TORONTO - In its Real Estate Market Study published today, Newmark Knight Frank Devencore reported that the corporate real estate market in the Greater Toronto area continues to be one of the most active in Canada. The combined Class "A" and Class "B" office vacancy rate fell from 5.3% to 4.4% over the course of 2012 and activity was strong in both the Class "A" and Class "B" markets. Along with Calgary, Toronto leads the country in terms of new office developments and leasing transactions.
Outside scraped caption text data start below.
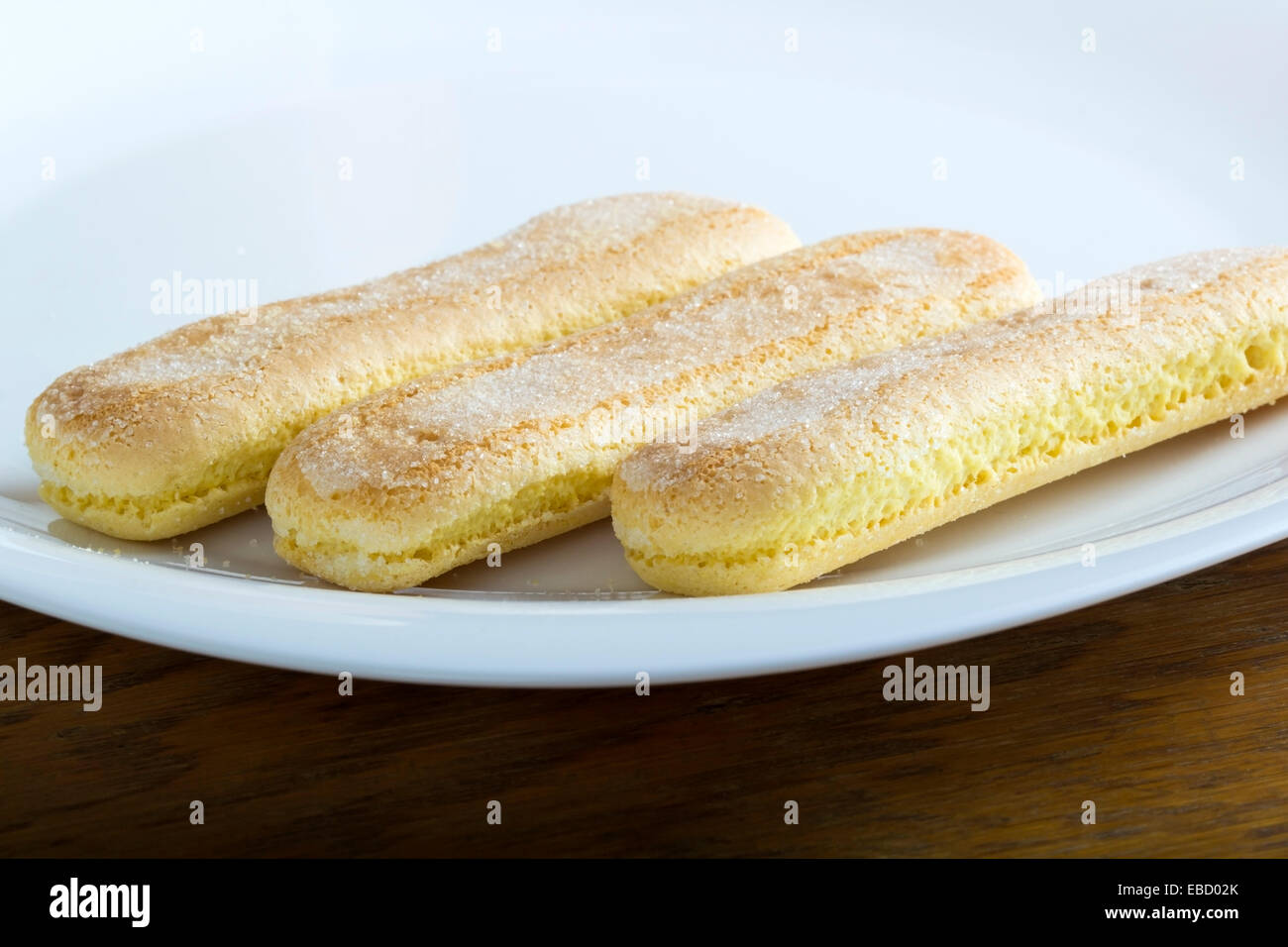 Frische Löffelbiskuits auf dem Teller auf Holztisch Stockfoto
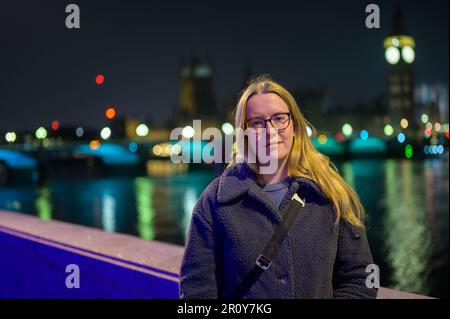 Donna bionda in posa di fronte alle case illuminate del Parlamento di notte. Foto Stock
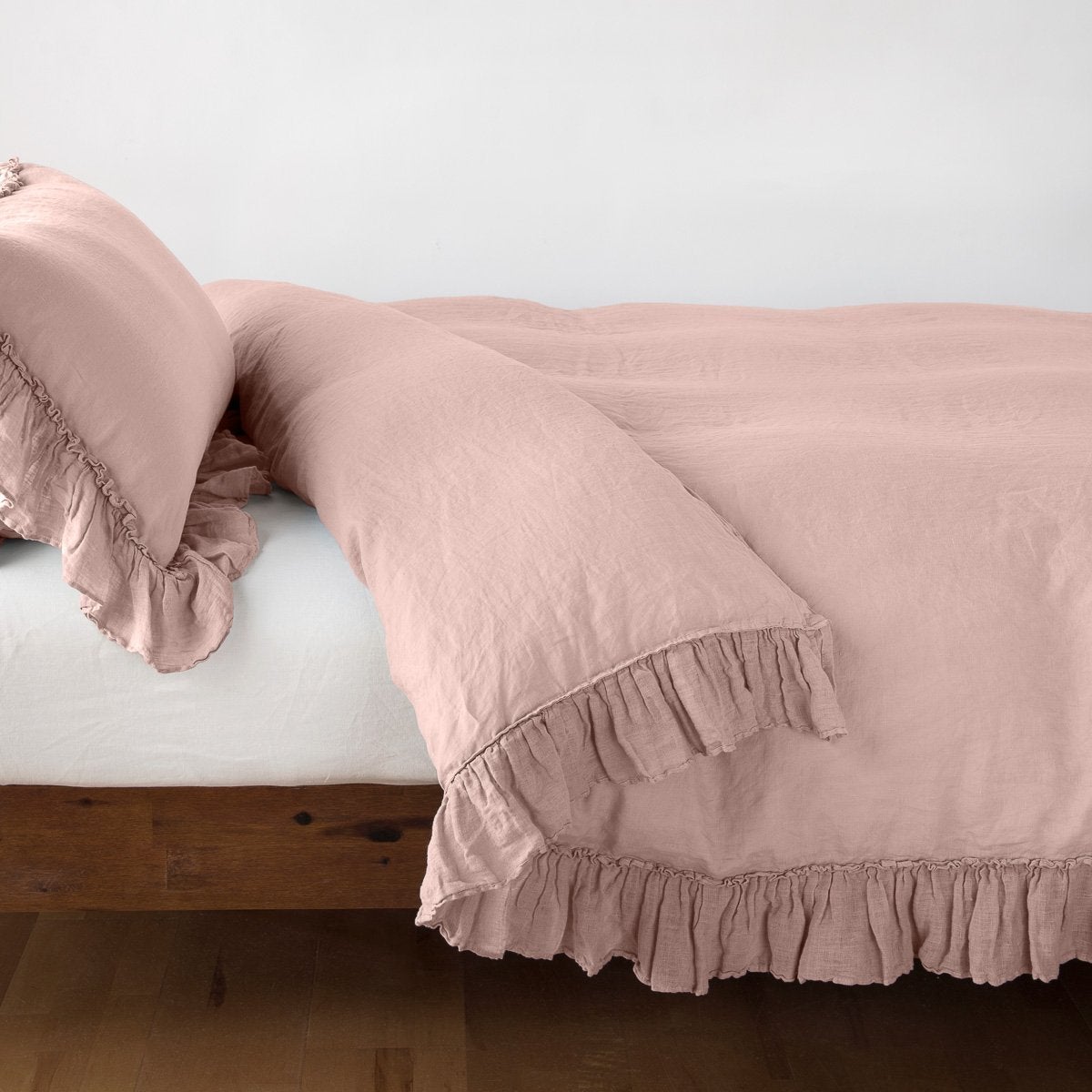 Rouge: duvet cover folded back over a white fitted sheet, shown with matching sham against a plain background - side view.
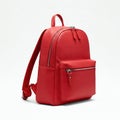 Red backpack isolated on a white background. 3d render image. Royalty Free Stock Photo
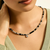 Model wearing JH Lovestruck Heishi pendant necklace in sterling silver with black onyx beads and 1.25 TCW diamond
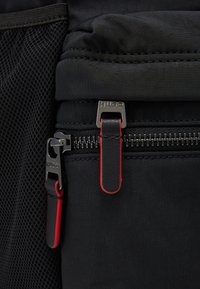 Borsa nera in tessuto con una superficie liscia; presenta una cerniera metallica con un tirazip con il marchio e un accento rosso, e una tasca in rete sul lato.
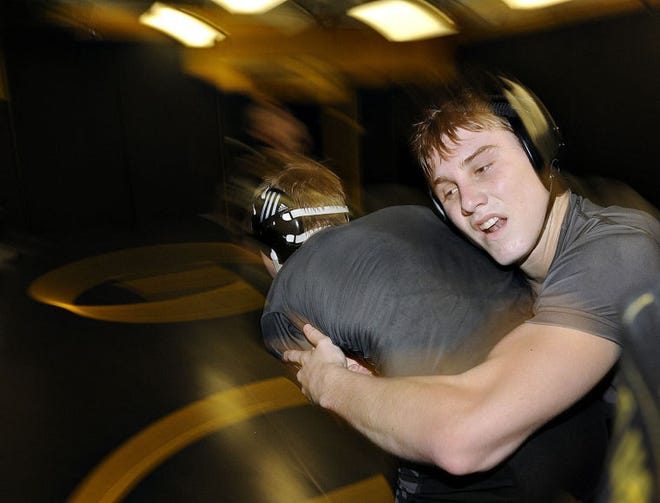 feature shot of Archbishop Wood's Chad Haegele, who will be the subject of the Courier wrestling previews.
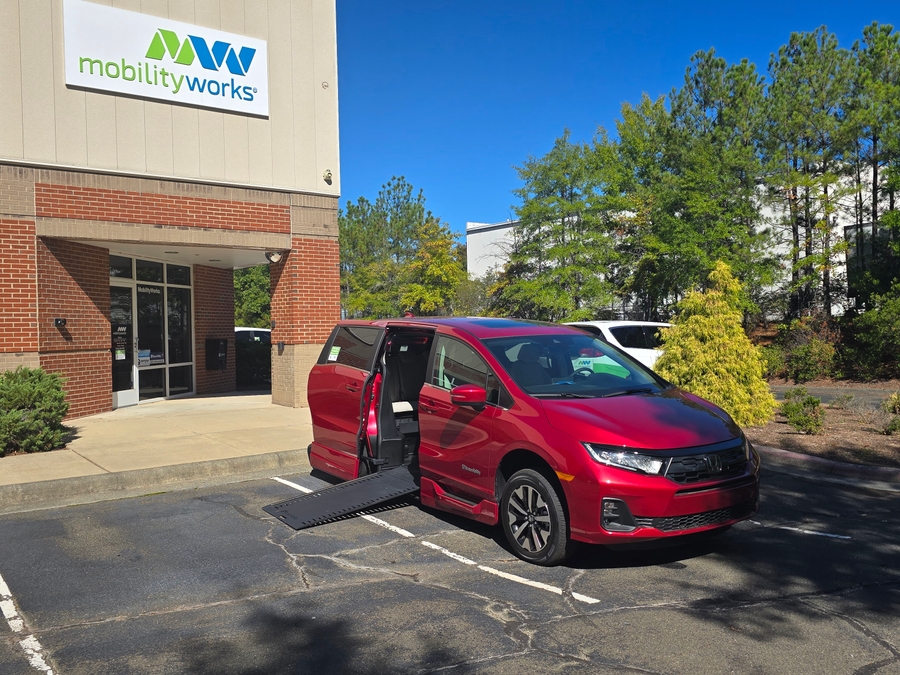 Red Honda Odyssey with BraunAbility Side Entry Automatic In Floor conversion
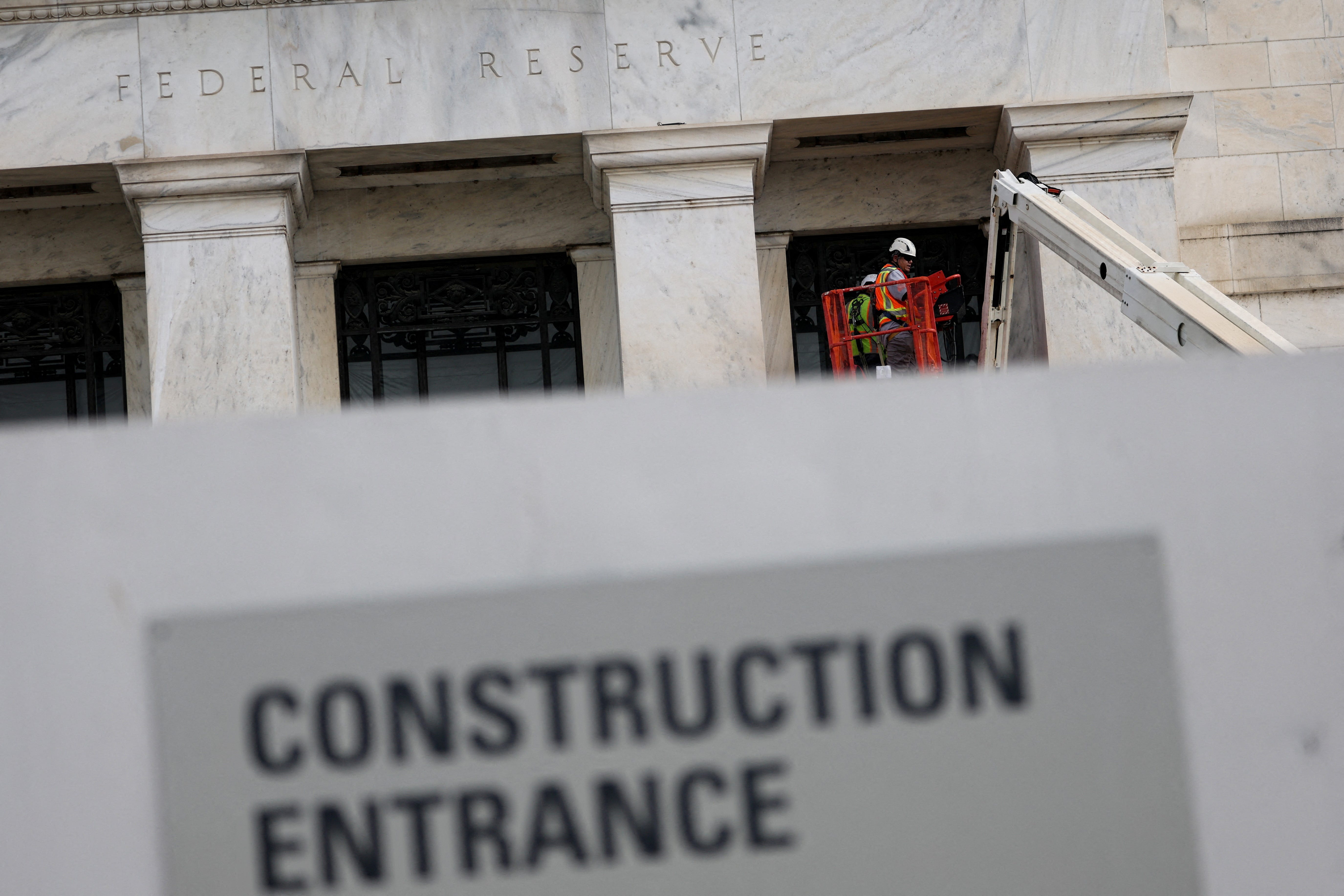 Construction work continues at the U.S. Federal Reserve building as U.S. President Trump assails Fed Chair Powell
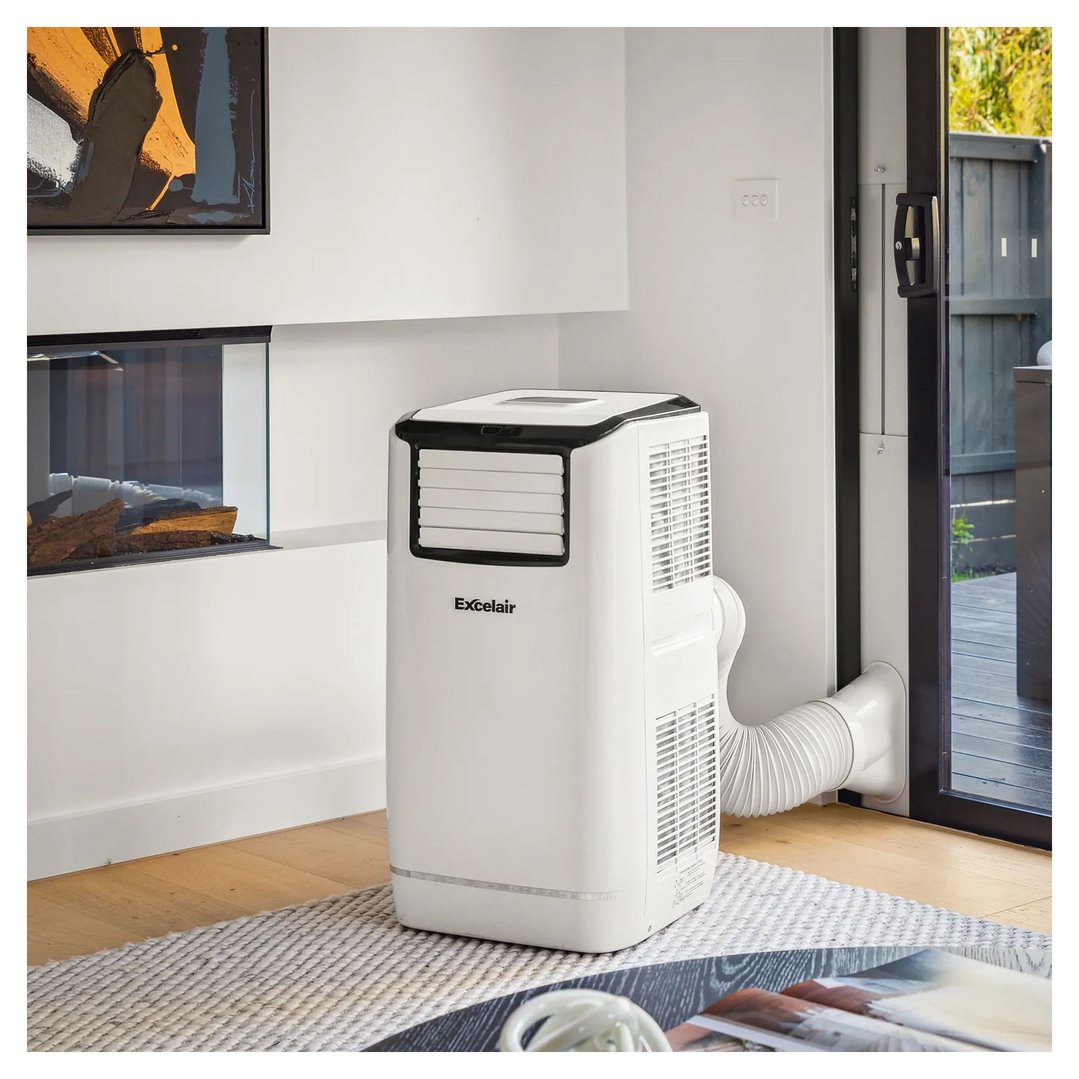 White portable air conditioner in a living room next to a fireplace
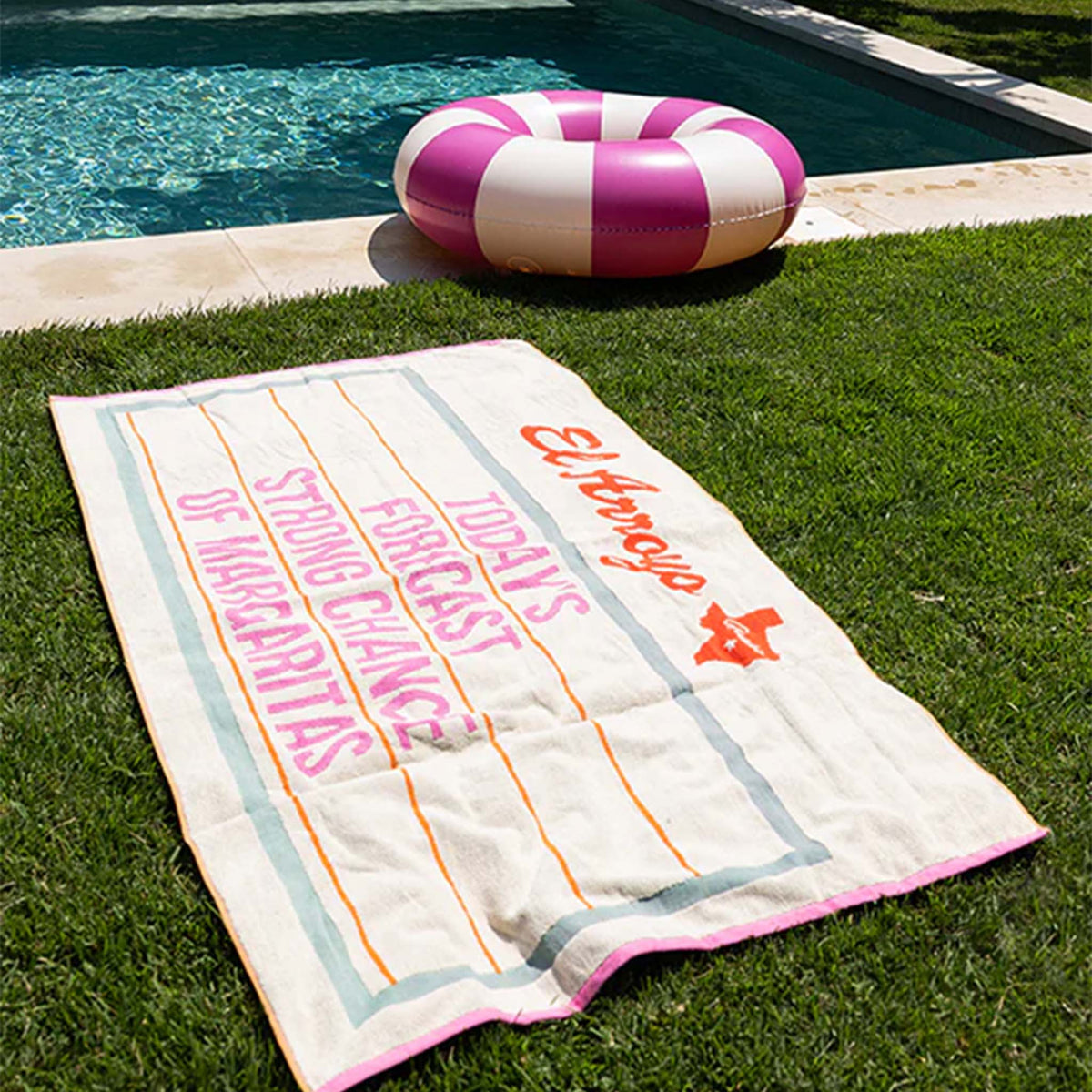 Outdoor, poolside view - Oversized beach towel, size 36 inches by 70 inches, color ivory.  The design is a green outlined marquee style sign featuring the humorous phrase &quot;Today&#39;s forecast: Strong Chance of Margaritas&quot; typed in pink font. 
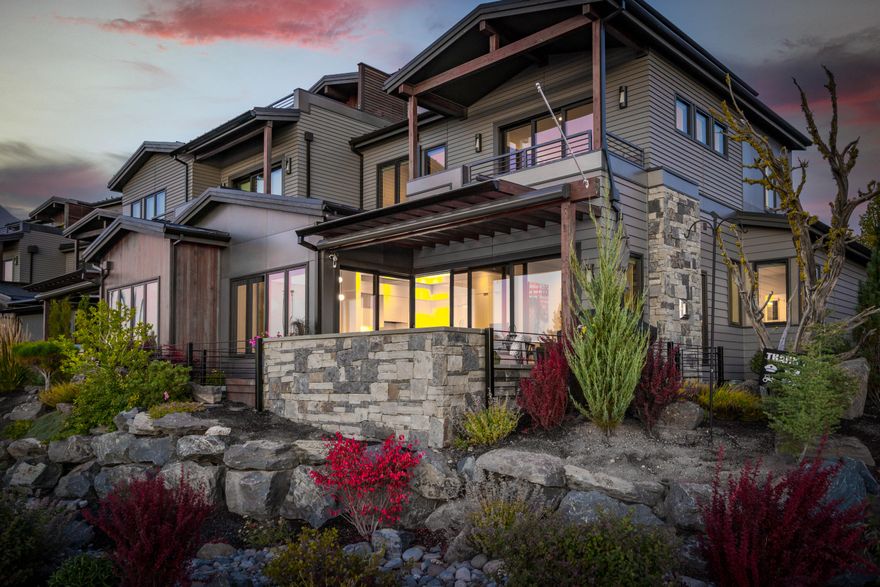 The best of Bend living is at your front door with this incredible townhome on the banks of the Deschutes, overlooking the layered landscape of River Bend park, the Old Mill, and the picturesque white-capped mountains beyond. Here, clean lines and luxurious finishes exude effortless modern ambiance in a functional three story layout. Upon entering you will find a stunning indoor outdoor living concept, with no detail left untouched. This home features stained oak wood flooring throughout, Harvest Moon Woodworks custom made kitchen cabinets, and seamless high glass range hood, complete with 4mm waterfall quartz kitchen island. A floating staircase of steel construction and oak steps connect the three stories, with under mount lighting through the second and third levels. On the third level, escape to a perfect entertaining space, with a wet bar, covered outdoor patio with stunning rooftop views. When it comes to the Central Oregon lifestyle, truly nothing compares.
Since 2008, over 1.2 million square feet per year of office space has been absorbed in the downtown district.
"Almost all of the office space in the new towers completed between 2008-2011 has been leased and the demand for premium-quality space continues to be strong with asking rental rates in these buildings rising," said Allan Schaffer, President/Broker of Record of Devencore Realties Corporation Canada Limited, Brokerage. "Over 3.5 million square feet of new tower space is scheduled to be completed by 2017; however, none will be ready before 2014, so this will have an impact on tenancy decisions and the sublease market in the coming months."
"In the GTA submarkets, vacancy levels have remained relatively stable," said Rob Renaud, Senior Vice President and Managing Principal/Broker of Record at Devencore Realties Corporation Canada Limited, Brokerage. "In the GTA West for example, activity has slowed somewhat, but there are a number of large developments underway that will have an impact on tenancy trends in the quarters ahead."
Corporate real estate markets across the country also showed a slower pace of growth in 2012. The overall vacancy rate in office spaces in Canada's major cites fell from 4.7% to 4.5% over the course of the year, and the amount of available space declined by approximately 245,000 square feet. Approximately 9.6 million square feet of office space is currently available for lease or sublet in the country's downtown areas.
"Vacancy rates should continue to edge downwards over the next twelve months putting pressure on asking rental rates to increase," Mr. Schaffer said. "The availability of sublease space is also decreasing and office space in the older Class "A" buildings offered up over the past few years as the new towers came onto the market is being steadily absorbed. Tenants will likely find the best options on a building-by-building basis."
About Newmark Knight Frank Devencore
As part of Newmark Grubb Knight Frank, one of the world's leading commercial real estate advisory firms, Newmark Knight Frank Devencore is Canada's largest corporate real estate advisor and brokerage, exclusively representing corporate, industrial and retail space users. With offices across the country, Newmark Knight Frank Devencore offers its global clientele comprehensive services that are individually designed to ensure executive real estate decisions are supported by effective strategies and professional execution. To learn more about our capabilities, please visit www.devencorenkf.com.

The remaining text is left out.